Content starts

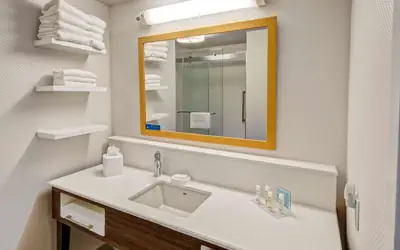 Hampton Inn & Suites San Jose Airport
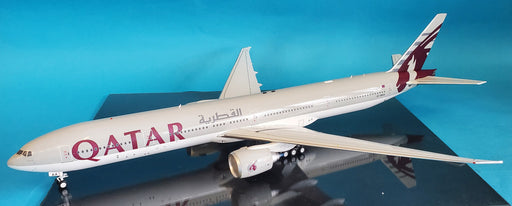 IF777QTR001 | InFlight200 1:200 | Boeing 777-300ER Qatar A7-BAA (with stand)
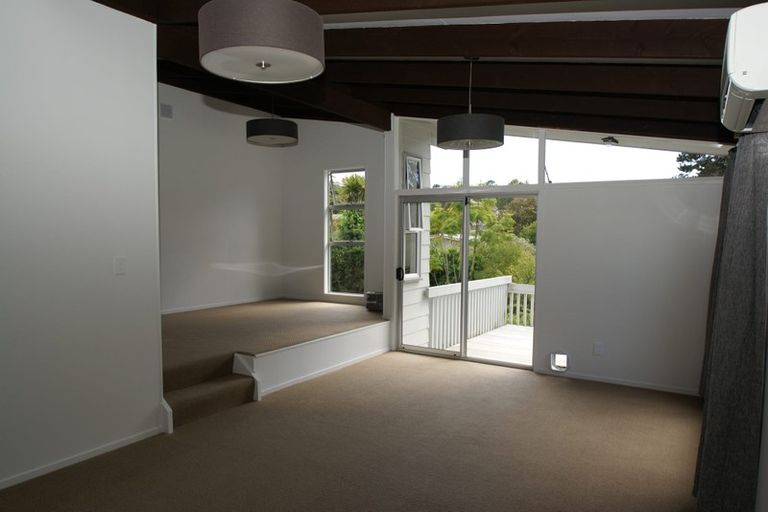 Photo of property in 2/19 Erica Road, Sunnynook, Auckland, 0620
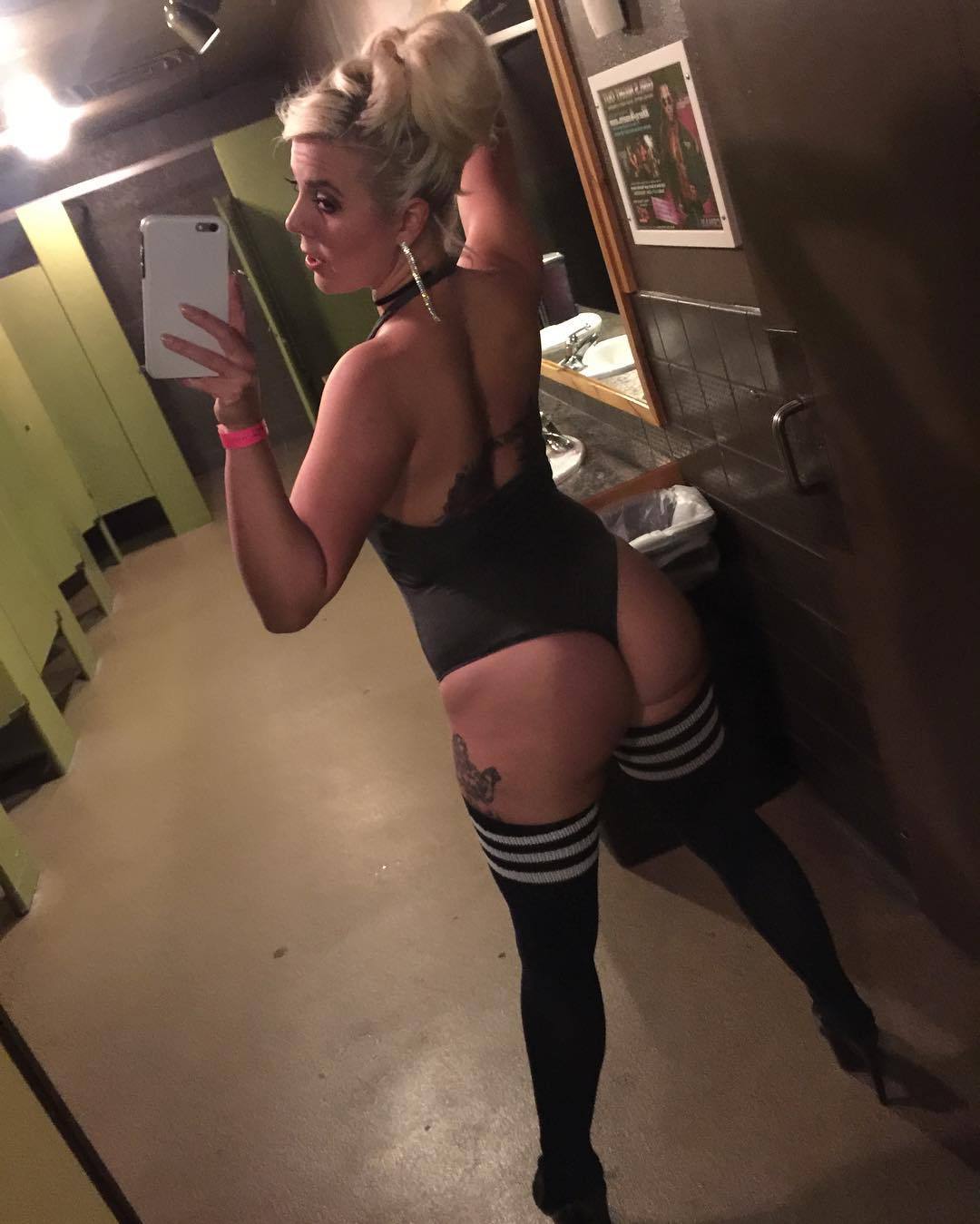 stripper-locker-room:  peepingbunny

Content ends

- Your goal
Each line from the one containing "Photo of property" through the last line of the data should be written out exactly. Skip the pictures, and add no other lines.

- Response to this task
 Photo of property in 2/19 Erica Road, Sunnynook, Auckland, 0620
 stripper-locker-room:  peepingbunny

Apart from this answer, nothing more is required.